Keberadaan peraturan CSR yang tidak signifikan menimbulkan beragam argumentasi, satu kasus dari pihak birokrasi, yaitu dinas pemerintahan terkait “Saya masuk pintu ruangan dinas sambil membawa proposal kerjasama, lalu seorang bapak – bapak nyeletuk, kalo mau cari dana ke perusahaan swasta saja dik, mereka akan mengucurkan dana untuk bantuan, karena itu memang kewajibannya, kalau kalian ke dinas kami tidak punya dana untuk hal itu, padahal bapak yang berbicara belum memberikan kesempatan kepada kami untuk menjelaskan maksud dari proposal yang kami ajukan, menurut saya kasus semacam ini berpotensi mengalihbebankan tanggung jawab pembangunan pemerintah kepada perusahaan.” Ungkap Anggi salah satu humas KKN 101 UMM
Pandangan dinas terkait mengenai gambaran kewajiban CSR mendatangkan tanda tanya yang besar, penyimpangan tugaslah yang akhirnya menjadi perhatian selanjutnya. Setidaknya lebih dari 50 Kab/ Kota di Indonesia mulai mengeluarkan Perda terkait kewajiban dana CSR, namun hanya sebagian kecil daerah yang mendapatkan impact dari perda CSR.

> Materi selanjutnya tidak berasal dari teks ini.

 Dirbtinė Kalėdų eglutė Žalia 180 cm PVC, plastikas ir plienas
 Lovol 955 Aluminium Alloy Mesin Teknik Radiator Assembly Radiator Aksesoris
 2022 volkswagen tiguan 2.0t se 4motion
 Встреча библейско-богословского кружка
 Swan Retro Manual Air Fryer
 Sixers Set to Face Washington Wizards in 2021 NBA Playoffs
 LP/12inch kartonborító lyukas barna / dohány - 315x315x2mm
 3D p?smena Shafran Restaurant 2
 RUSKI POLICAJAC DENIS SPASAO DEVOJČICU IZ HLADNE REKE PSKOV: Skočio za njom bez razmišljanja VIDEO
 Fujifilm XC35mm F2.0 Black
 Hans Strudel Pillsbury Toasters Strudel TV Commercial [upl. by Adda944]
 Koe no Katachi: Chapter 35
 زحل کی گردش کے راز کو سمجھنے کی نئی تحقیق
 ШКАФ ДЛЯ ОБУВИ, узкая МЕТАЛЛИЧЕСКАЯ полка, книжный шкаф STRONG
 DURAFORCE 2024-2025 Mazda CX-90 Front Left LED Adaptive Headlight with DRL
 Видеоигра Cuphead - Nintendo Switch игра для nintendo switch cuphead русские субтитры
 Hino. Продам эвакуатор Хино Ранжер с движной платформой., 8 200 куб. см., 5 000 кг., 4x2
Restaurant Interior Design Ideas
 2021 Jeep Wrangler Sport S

“Sebagai mahasiswa yang berperan sebagai agen perubahan kecewa dengan sikap birokrasi pemerintahan, padahal bukan tidak mungkin kami membantu program kerja yang telah coba mereka buat, tapi saya bersyukur tidak semua dinas menolak kerja sama yang kami ajukan, karena sejak awal kami menghindari sponsor dari pihak swasta karena terkesan dana CSR yang mereka keluarkan adalah dana untuk mencitrakan diri, dan itu tidak sebanding dengan dampaknya yang sangat luas.” Lanjut humas KKN 101 UMM ini.